# Super Cyclone to affect  Gulf Oil Traffic



## wayneL (5 June 2007)

This is something rare.

Cyclone Gonu http://www.alertnet.org/thefacts/reliefresources/TSR/200702A_02A.htm could possibly shut down tanker traffic in the gulf for perhaps 5 days or more according to some industry pundits. Better start saving up for the down payment on your next tank of fuel.


----------



## CanOz (5 June 2007)

wayneL said:


> This is something rare.
> 
> Cyclone Gonu http://www.alertnet.org/thefacts/reliefresources/TSR/200702A_02A.htm could possibly shut down tanker traffic in the gulf for perhaps 5 days or more according to some industry pundits. Better start saving up for the down payment on your next tank of fuel.




Oil should have enough going for it now that 70 pbl of brent should hold for a while surely.

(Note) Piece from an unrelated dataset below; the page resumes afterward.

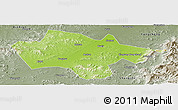 Physical Panoramic Map of Yanshou, semi-desaturated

Technically, seasonally, geopolitically and now meteorlogically bullish


----------



## nizar (5 June 2007)

Dont worry Wayne, my oil stocks will more than cover the difference


----------



## wayneL (5 June 2007)

CanOz said:


> Technically, seasonally, geopolitically and now meteorlogically bullish






nizar said:


> Dont worry Wayne, my oil stocks will more than cover the difference



Aren't us capitalists a nasty lot, when we view things like this as a positive!?

LOLOL


----------



## >Apocalypto< (5 June 2007)

wayneL said:


> Aren't us capitalists a nasty lot, when we view things like this as a positive!?
> 
> LOLOL




LOL anit that the truth Wayne!


----------



## doctorj (6 June 2007)

Oil off a little at the moment.  Maybe it's not that bad after all. I doubt it'll stop CTX etc charging us more at the pump though...


----------



## wayneL (7 June 2007)

It's causing a few problems now in the straights of Hormuz and coastal areas of Oman, but wondering if it will cause any real supply problems.

The market doesn't think so at the moment.


----------



## Kimosabi (7 June 2007)

This is amazing, the last time they had a cyclone over was well before oil was discovered in Saudi Arabia.

I wonder if any of the Oil infrastructure over there is designed to hurricane force winds.


----------